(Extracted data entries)

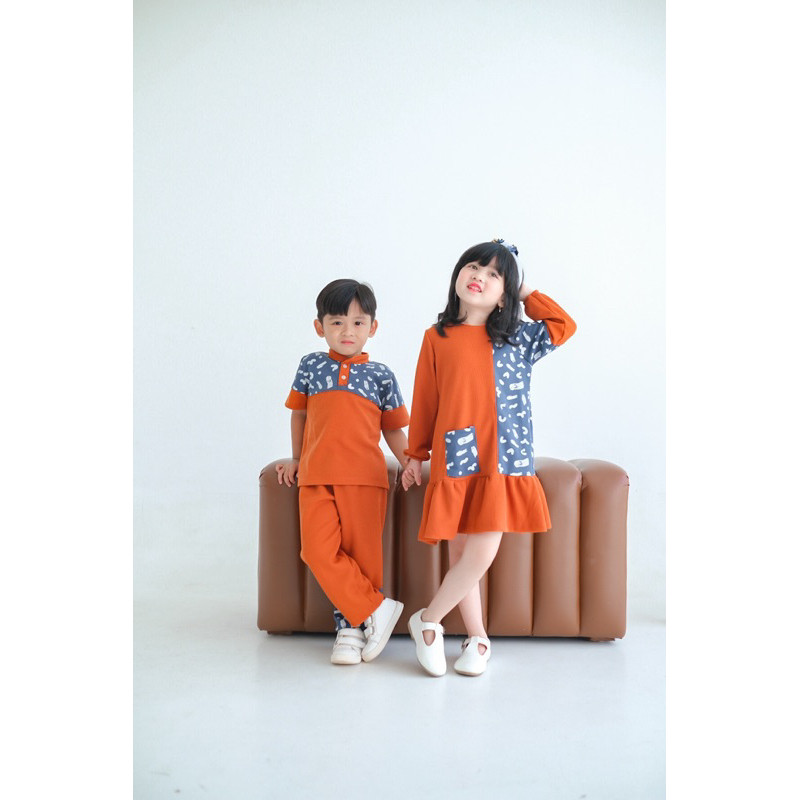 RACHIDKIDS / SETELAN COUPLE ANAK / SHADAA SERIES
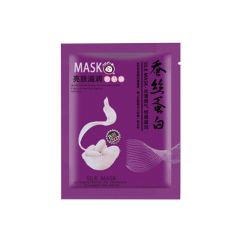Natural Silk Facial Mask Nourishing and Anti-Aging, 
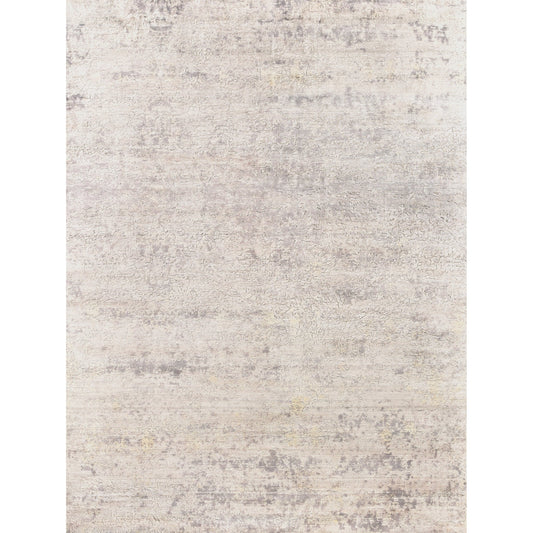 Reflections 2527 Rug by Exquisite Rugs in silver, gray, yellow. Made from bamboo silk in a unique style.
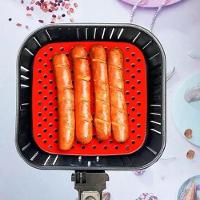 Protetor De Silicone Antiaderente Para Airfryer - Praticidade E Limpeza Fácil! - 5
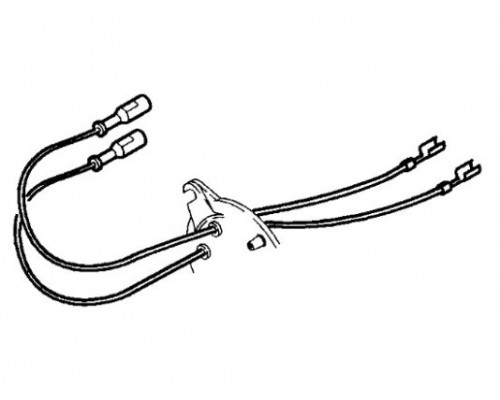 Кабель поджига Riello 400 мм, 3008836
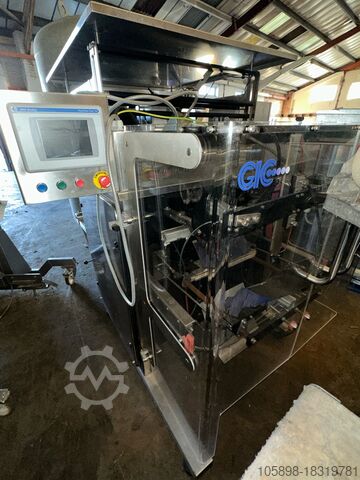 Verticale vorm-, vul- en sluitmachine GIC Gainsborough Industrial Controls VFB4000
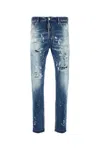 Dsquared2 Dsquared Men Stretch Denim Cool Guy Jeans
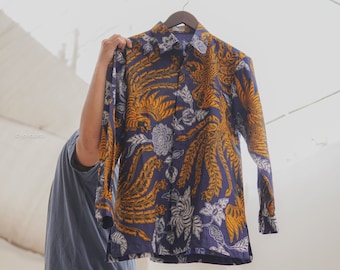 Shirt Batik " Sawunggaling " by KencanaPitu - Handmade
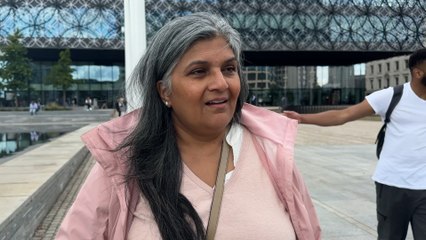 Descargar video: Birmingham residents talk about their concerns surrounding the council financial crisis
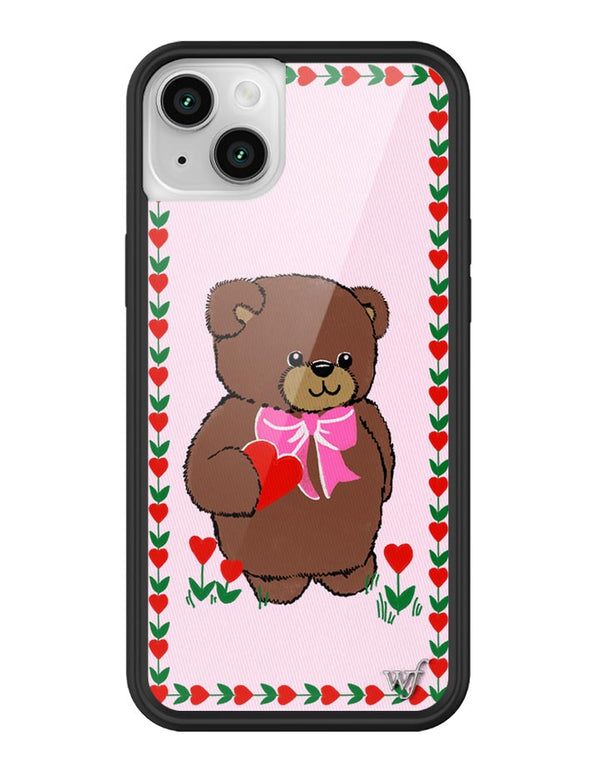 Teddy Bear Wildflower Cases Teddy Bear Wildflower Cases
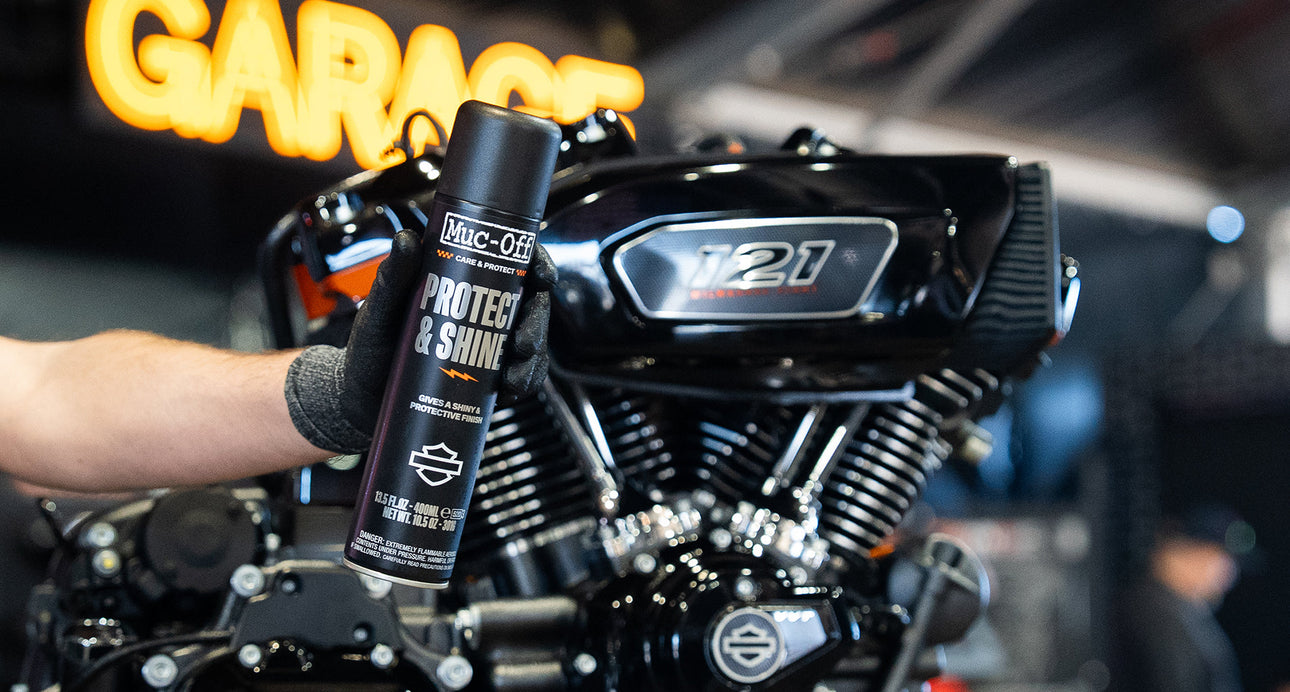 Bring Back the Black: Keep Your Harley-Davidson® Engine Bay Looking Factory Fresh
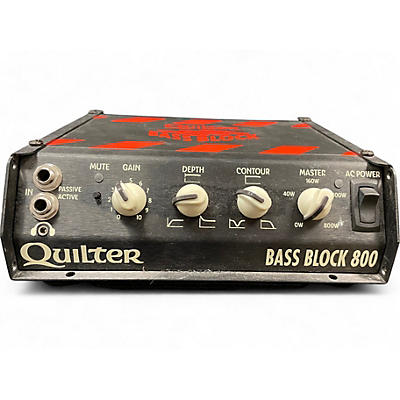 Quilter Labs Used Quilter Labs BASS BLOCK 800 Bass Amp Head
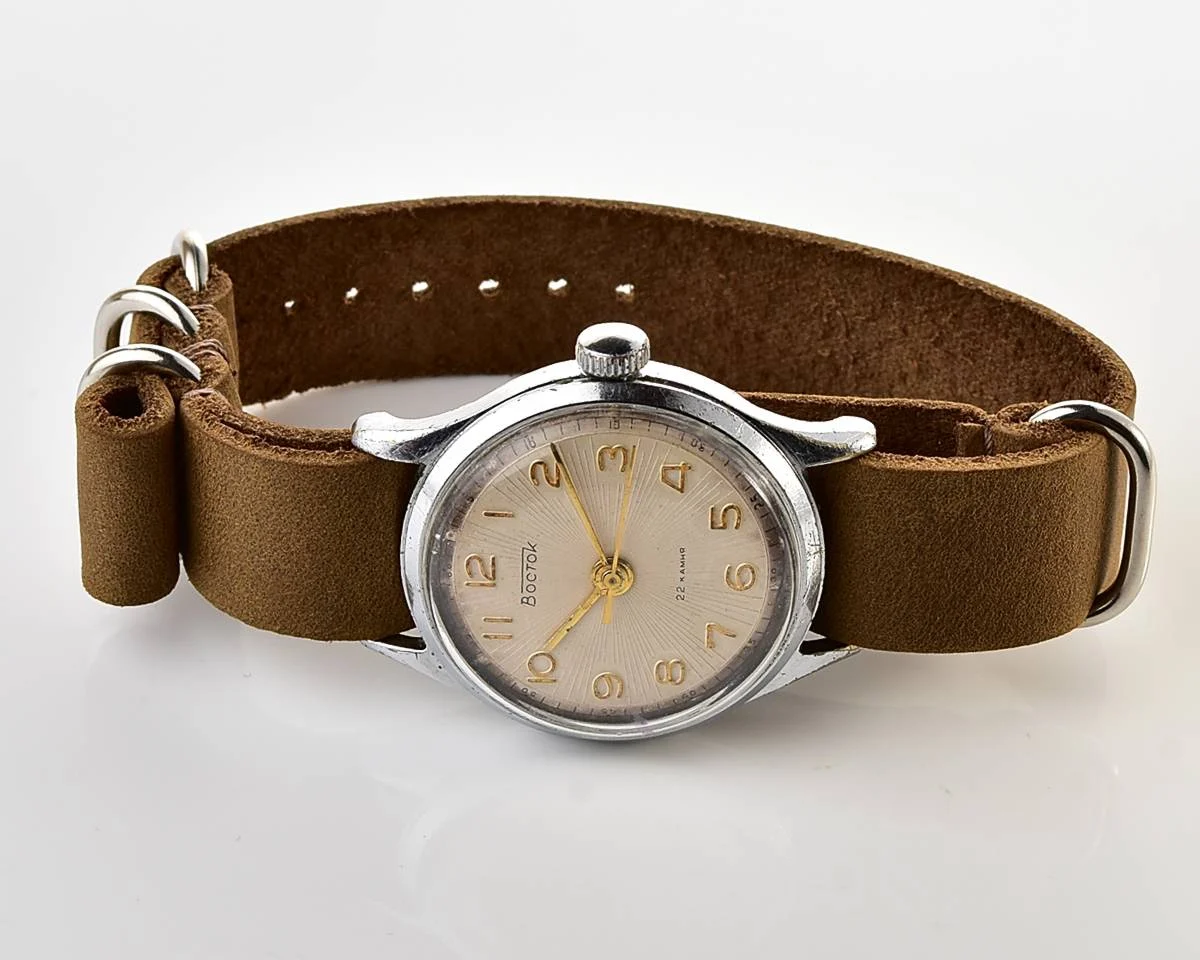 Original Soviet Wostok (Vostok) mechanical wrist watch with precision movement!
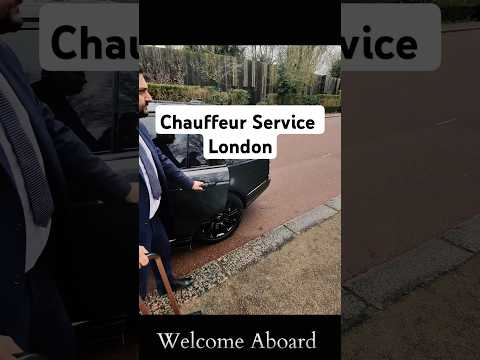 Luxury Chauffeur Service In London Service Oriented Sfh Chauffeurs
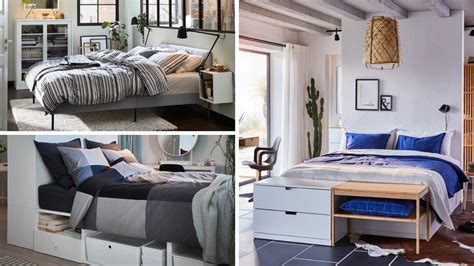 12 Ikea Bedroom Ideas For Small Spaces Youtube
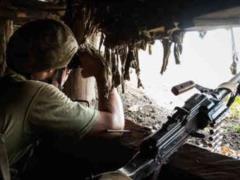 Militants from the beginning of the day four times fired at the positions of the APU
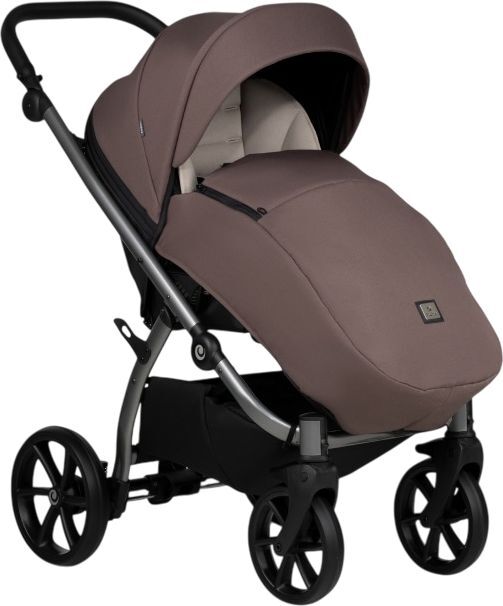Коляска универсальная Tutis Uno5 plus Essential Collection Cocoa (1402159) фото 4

** Brief **
An exact copy is needed of the stretch above that opens with the line containing "Dsquared2 Dsquared Men" and closes with the line containing "Quilter Labs Used"; the pictures are not part of it.

** Response box **
 Dsquared2 Dsquared Men Stretch Denim Cool Guy Jeans
 Shirt Batik " Sawunggaling " by KencanaPitu - Handmade
 Descargar video: Birmingham residents talk about their concerns surrounding the council financial crisis
 Teddy Bear Wildflower Cases Teddy Bear Wildflower Cases
 Bring Back the Black: Keep Your Harley-Davidson® Engine Bay Looking Factory Fresh
 Quilter Labs Used Quilter Labs BASS BLOCK 800 Bass Amp Head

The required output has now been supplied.